Some features Uploadcare provides for handling large file uploads include:

Automatic splitting of large files into chunks by the File Uploader when uploading large files
Upload RESTful APIs and SDKs for uploading large files in multipart (up to 100 MB chunk size per file for large files) to Uploadcare servers.
Uploaded files are distributed across multiple global CDNs, ensuring fast access and download speeds for your users worldwide.
All uploads are made via secure HTTPS, ensuring secure data transfer. Fine-grained access controls and permissions can be set to manage who can upload, view, or modify files.

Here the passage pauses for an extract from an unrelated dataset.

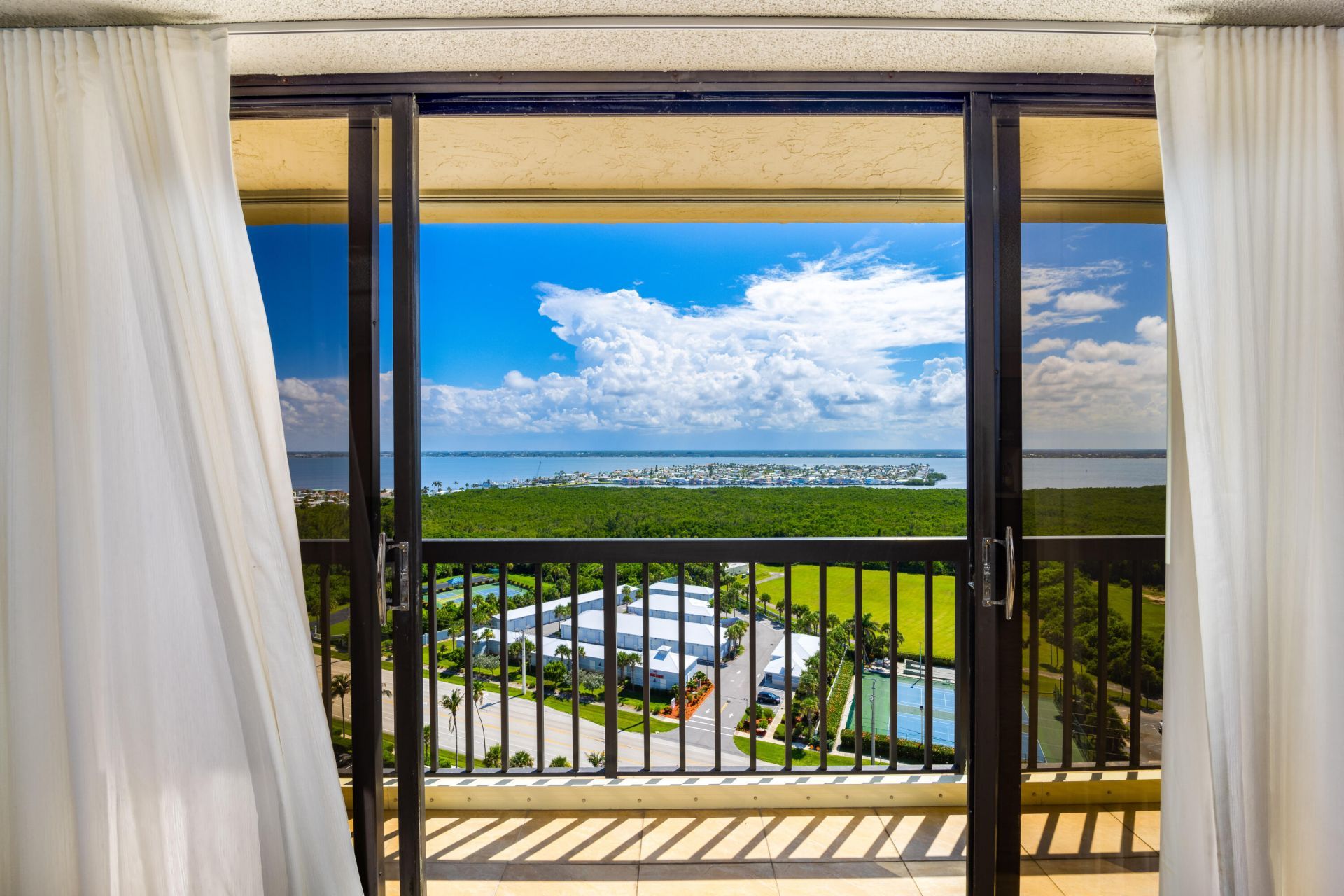 9500 S Ocean Drive, Unit 1910, Jensen Beach, FL 34957 Photo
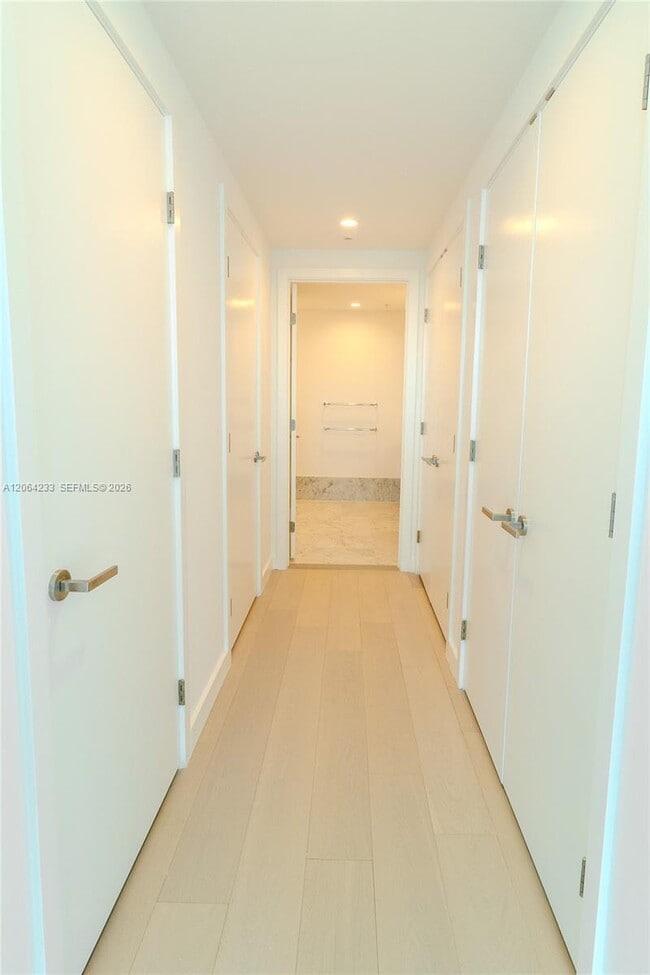 Building Photo - 9221 E Bay Harbor Dr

Case study: Supervision Assist is an application that helps manage practicum and internship university programs. It allows university coordinators to supervise their students through live or recorded video sessions. The company needed a secure HIPAA-compliant service that would handle large uncompressed files with recorded sessions in MP4, MOV, and other formats generated by cameras. The team managed to build such a system from scratch but eventually got overwhelmed by upload errors, bugs, and overall maintenance.

If an upload didn’t complete, one of our devs would have to go look on the web server, see what data was stored and how much was there. Individually, it’s not a big deal, but over time that adds up.

— Maximillian Schwanekamp, CTO

By integrating Uploadcare, the company could seamlessly accept files of any format and as big as 5 TB without spending in-house development resources.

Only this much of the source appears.